Sunday, 10 October 2010

Fiction is Not all Bad and Confessions of a Used-Book Salesman

Anyone who knows me, also knows how much I like to browse fictional bookshelves.  This was not always something I would admit.  There was a time when I too suffered from the mistaken notion that reading fiction was of somewhat lesser importance to reading fact.  

It's now when I know better that I can say that most written material that portrays itself as fact is really fiction, and probably more fictional than those books like my own (now) that claim to be almost totally fictional.  I dare anyone to find a real fact in anything I have ever read or written.  No, the world of writing is almost always fictional.

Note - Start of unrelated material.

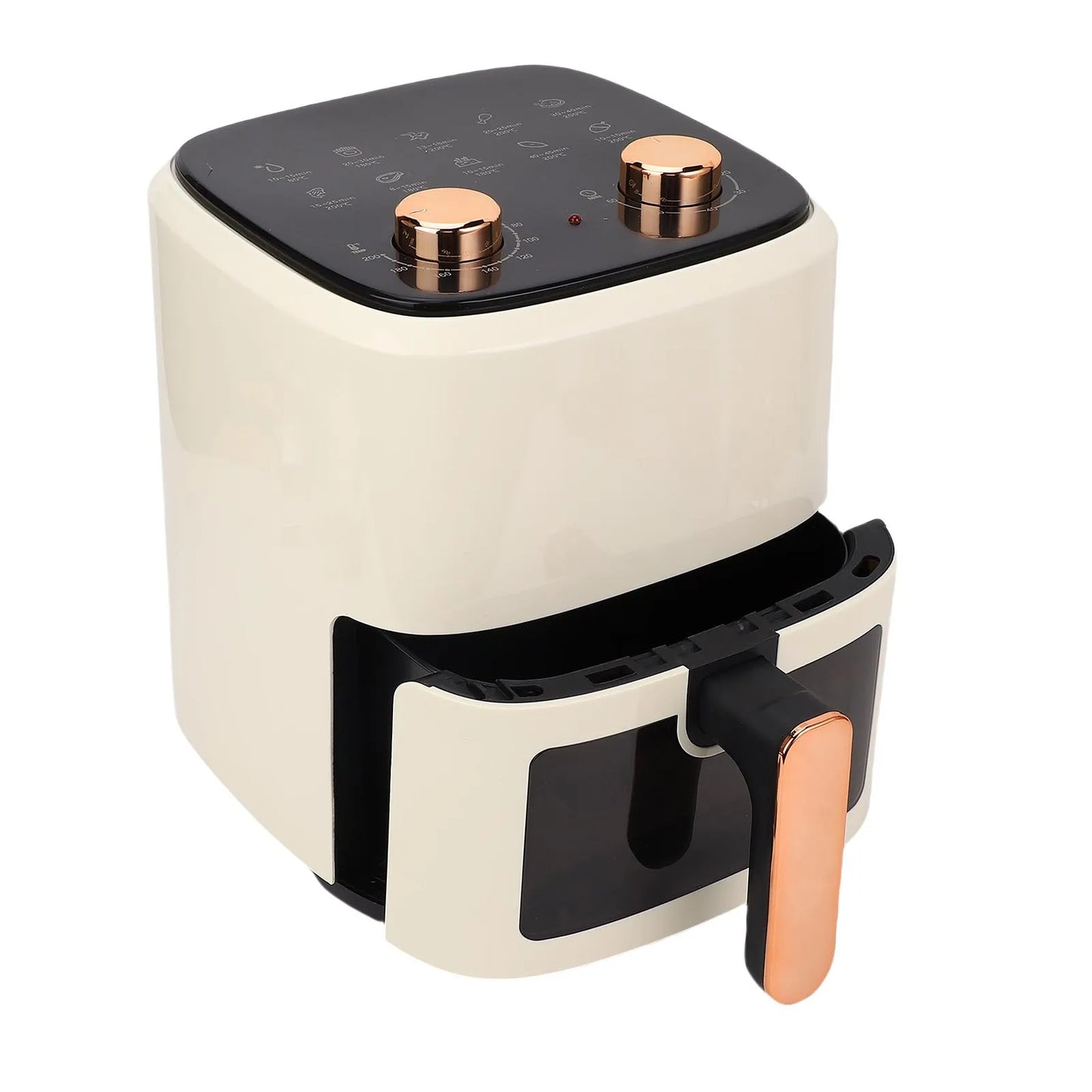 1350W Air Cooker 5.5L Large Capacity Full Automatic Multifunction Oilless Kitchen Fryer for Making Egg Tart Grilled Fish.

That's ok!  People can cope with a fictional world.  There is no necessity for what you read to be fact, starting with Santa Claus!  How boring would life be without this strange man or idea of a man who lives forever.  

The Most Amazing Fiction:

Closer to home, we have God, the most mythical being ever and the most fictional character to be found ever.  What would our world be like without God?  

Even though God as a human being is fiction, we have a very strong sense that God matters, and in that sense God is very real.  God is a paradox being fictional and real at the same time.  Jesus as a human likewise is fictional and real at the same time.  

People could argue to their death that God and Jesus do not and did not ever exist, but they would miss the point.  We have the capacity and the potential for God and Jesus to exist in our mind and that is sufficient.

Others will add to the reality of God that was created in the past just as one might create a chair and add legs and cushions.  We see a chair and we don't say it does not exist.  We experience God and we don't experience that God does not exist.  Did we create the chair any more than we created God?  

Some readers are now thinking, oops blasphemy, Arthur said that God does not exist!  Or, perhaps, they have moved on to another site.  

Well, really does it matter what I say, even if I say God is fictional.  We all know that there is no human being, God.  Thus, God as a human being is entirely fictional since God is not real, reality being material.  

Since the past does not now exist then God does not exist as Jesus, even if he was once a human being because Jesus no longer exists as a human being.  Jesus is not material.  Matter is not reality.  Matter is fictional.  Now is a fictional notion.

Logic as Serving an Uncertain Purpose:  

Should I make my point?  Well, it is that we live in a dream world.  There is no proof of reality, only our speculation based on what we feel, see, hear, touch, and taste, ... or know about in other ways.  God is entirely an abstraction to us.  God is not real now because we don't see time as anything but a flow.  There is no real present only a stream of presents that make up what we make out to be reality, but which is really fictional, like a dream!  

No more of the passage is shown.